When the court of Majapahit was divided, the kingdom found itself unable to control its western part of the already crumbling empire. The rising power of the Sultanate of Malacca began to gain effective control of the Malacca Strait in the mid-15th century and expand its influence to Sumatra. And amidst these events, Indragiri and Siantan, according to Malay Annals were given to Malacca as a dowry for the marriage of a Majapahit princess and the sultan of Malacca, further weakening Majapahit's influence on the western part of the archipelago.

==Aftermath==
Malacca continued the traditions once held by Srivijaya, particularly in maintaining control over key occupations and promoting international trade. Primarily, it was known for securing protection of the sea lanes. The rulers of the Malacca Sultanate, like those of Srivijaya before them, commanded the loyalty of various Orang Laut ("Sea People"), who protected Malacca's maritime clients and disrupted rival ports by attacking their shipping routes.
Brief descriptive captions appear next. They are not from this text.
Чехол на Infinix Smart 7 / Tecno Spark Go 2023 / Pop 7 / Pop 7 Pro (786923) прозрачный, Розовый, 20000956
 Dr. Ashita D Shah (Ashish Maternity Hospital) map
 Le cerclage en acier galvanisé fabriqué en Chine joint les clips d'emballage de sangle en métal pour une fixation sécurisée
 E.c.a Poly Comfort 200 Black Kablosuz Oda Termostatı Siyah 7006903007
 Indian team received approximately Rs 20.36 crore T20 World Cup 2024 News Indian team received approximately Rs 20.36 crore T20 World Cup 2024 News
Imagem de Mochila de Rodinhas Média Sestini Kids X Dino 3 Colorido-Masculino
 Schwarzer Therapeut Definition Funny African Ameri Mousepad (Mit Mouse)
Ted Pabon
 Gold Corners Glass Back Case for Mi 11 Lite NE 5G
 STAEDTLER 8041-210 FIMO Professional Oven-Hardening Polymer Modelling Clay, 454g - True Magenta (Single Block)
Kertabhumi managed to stabilize this situation by allying with Muslim merchants, giving them trading rights on the north coast of Java, with Demak as its centre and in return asked for their loyalty to Majapahit. This policy boosted the Majapahit treasury and power but weakened Hindu-Buddhism as its main religion because Islamic proselytizing spread faster, especially in Javanese coastal principalities. Hindu-Buddhist followers' grievances later paved the way for Ranawijaya to defeat Kertabumi.